TASK GOAL: Write out exactly, with both ends included, the lines that run from the line containing "Fire Danger Rating Calculator" to the end of the entries. Pictures are not part of the answer.
[Opening LISTED RECORDS section]
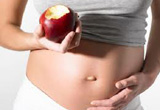 Хранене и суплементи по време на бременност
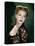 MARIA MONTEZ (photo)-null-Stretched Canvas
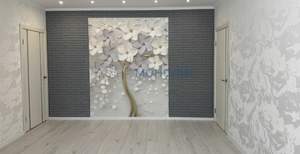 2-к квартира, вторичка, 42м2, 2/4 этаж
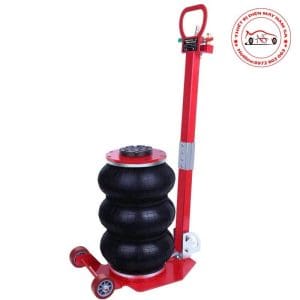 Kích Bóng Hơi Nâng Gầm 3 Tầng Bằng Khí Nén Kích Bóng Hơi Nâng Gầm 3 Tầng Bằng Khí Nén - Ảnh 3
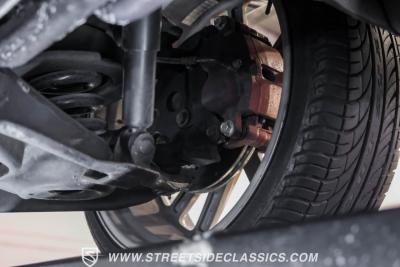 1985 Chevrolet C10 Silverado 454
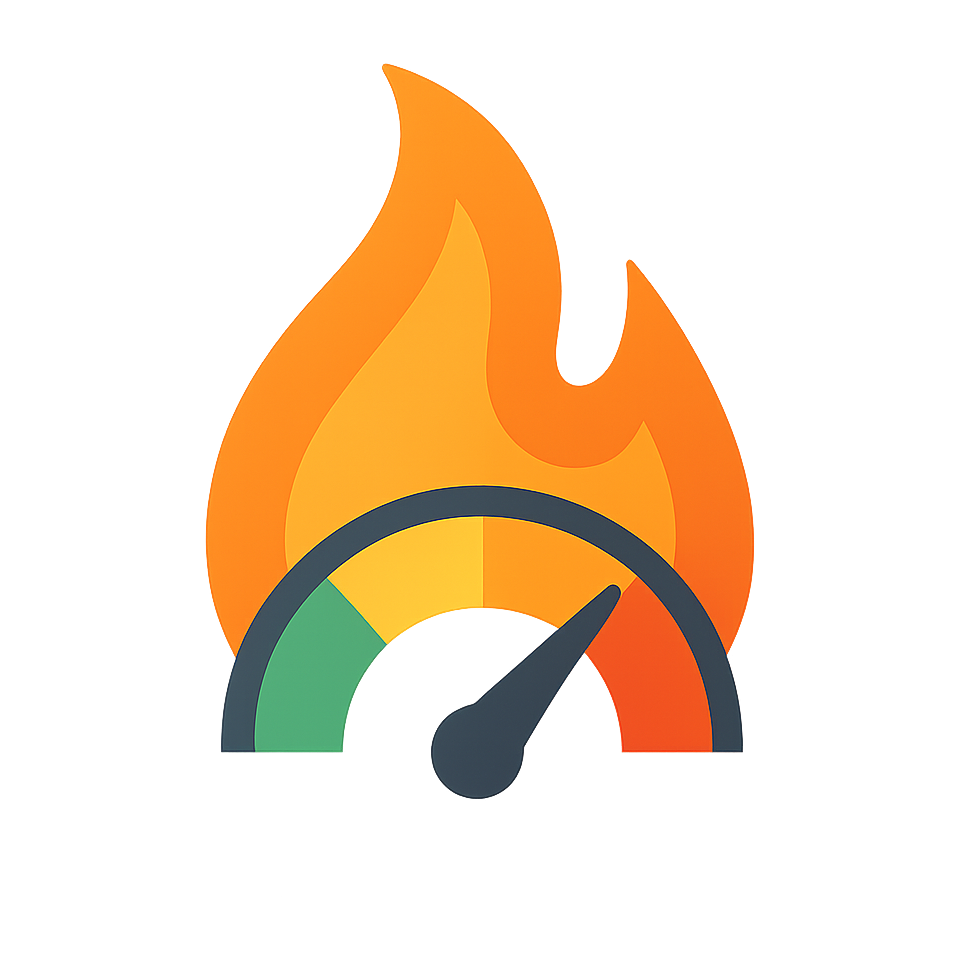 Fire Danger Rating Calculator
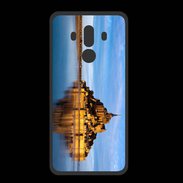 Coque  Huawei MATE 10 PRO PREMIUM Le Mont Saint Michel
[Closing LISTED RECORDS section]
SOLUTION TO THIS PROBLEM:
 Fire Danger Rating Calculator
 Coque  Huawei MATE 10 PRO PREMIUM Le Mont Saint Michel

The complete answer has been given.